Work required: What you write must match the records exactly, except for the images, which are left out.

[Image-text web data]

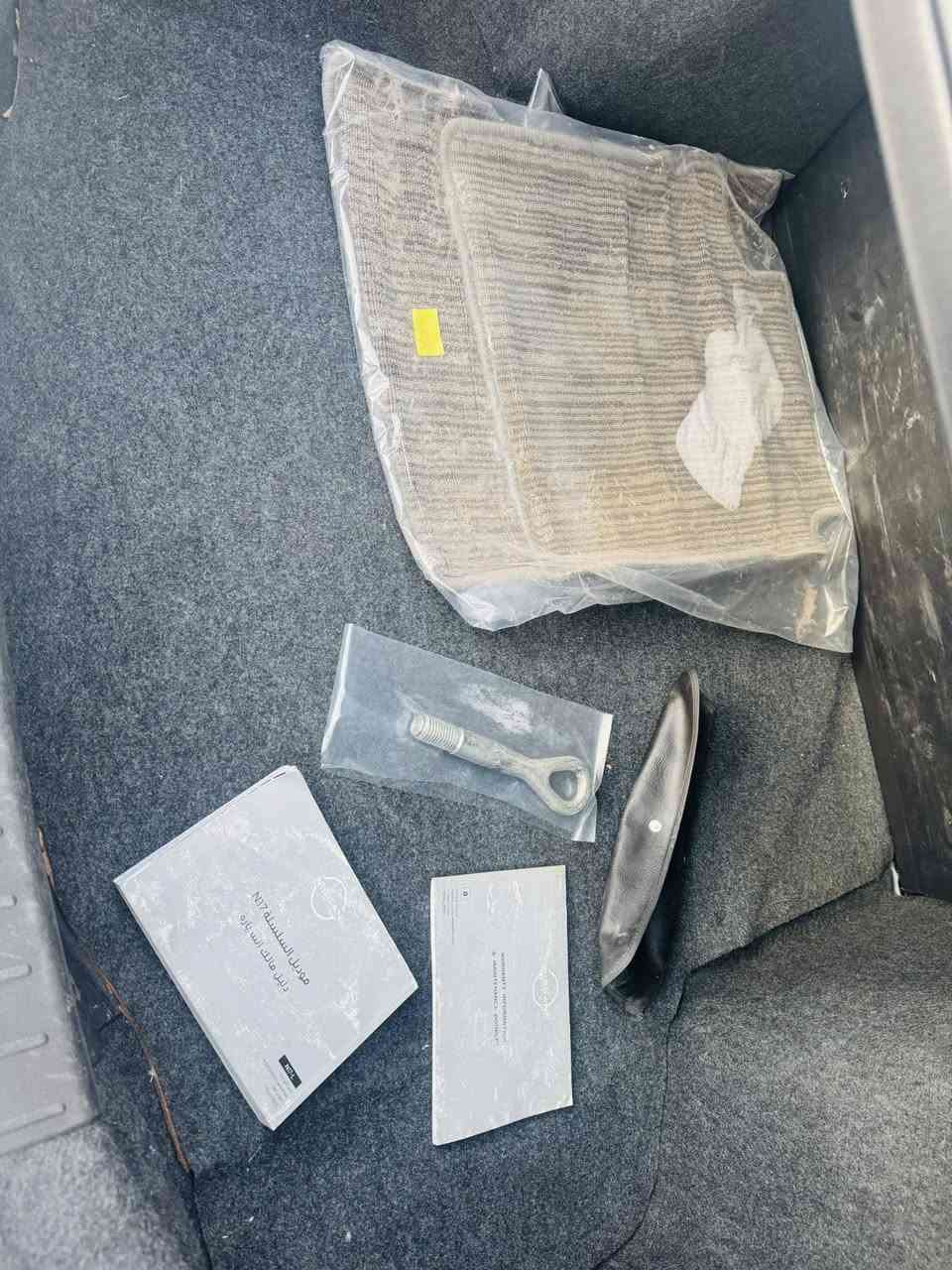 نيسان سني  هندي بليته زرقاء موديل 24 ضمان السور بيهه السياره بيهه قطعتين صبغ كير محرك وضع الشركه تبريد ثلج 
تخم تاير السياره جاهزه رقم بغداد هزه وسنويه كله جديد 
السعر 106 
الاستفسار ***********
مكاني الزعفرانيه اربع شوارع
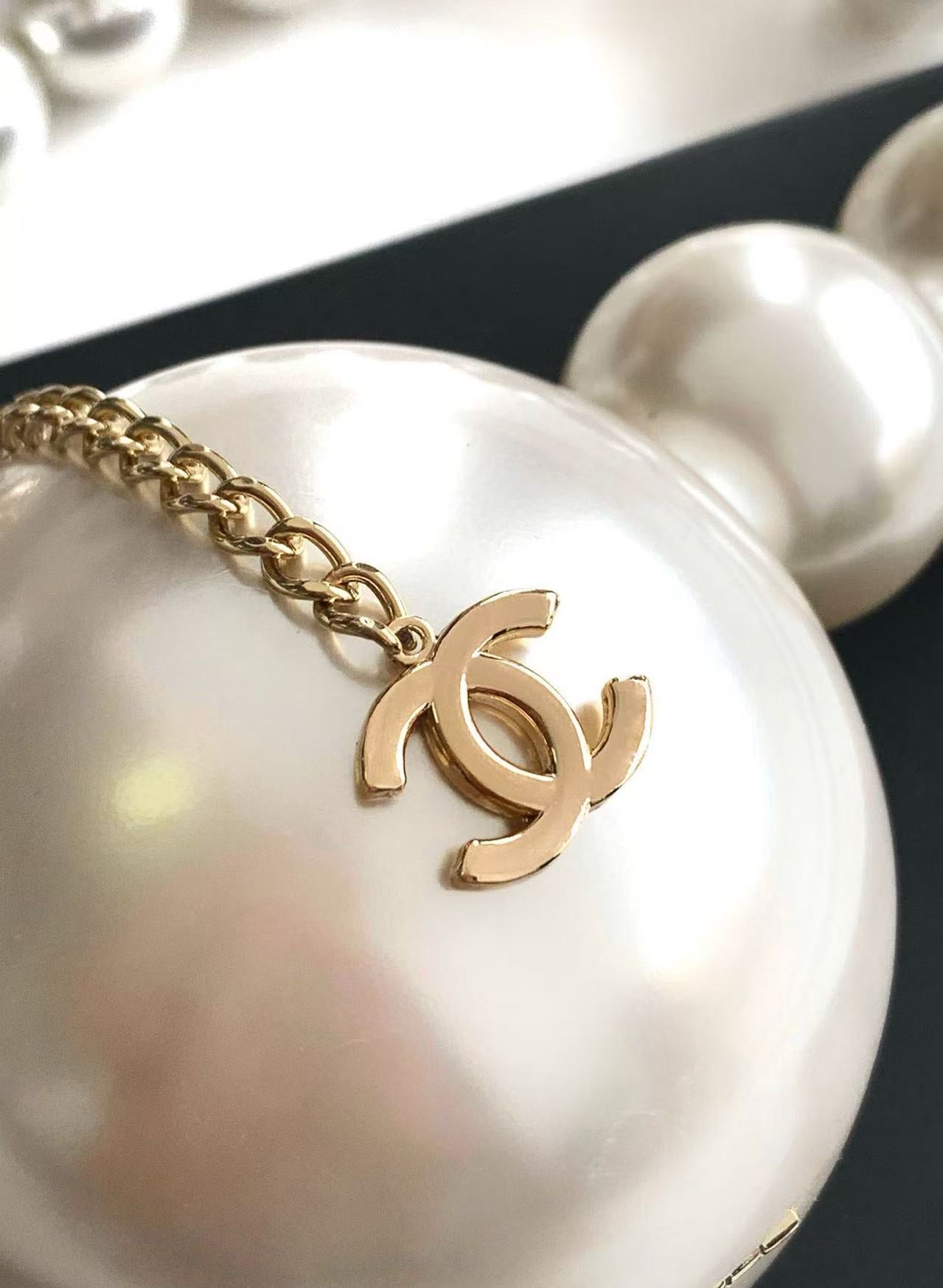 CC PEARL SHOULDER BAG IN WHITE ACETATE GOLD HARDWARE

Result of this exercise:
 نيسان سني  هندي بليته زرقاء موديل 24 ضمان السور بيهه السياره بيهه قطعتين صبغ كير محرك وضع الشركه تبريد ثلج 
تخم تاير السياره جاهزه رقم بغداد هزه وسنويه كله جديد 
السعر 106 
الاستفسار ***********
مكاني الزعفرانيه اربع شوارع
 CC PEARL SHOULDER BAG IN WHITE ACETATE GOLD HARDWARE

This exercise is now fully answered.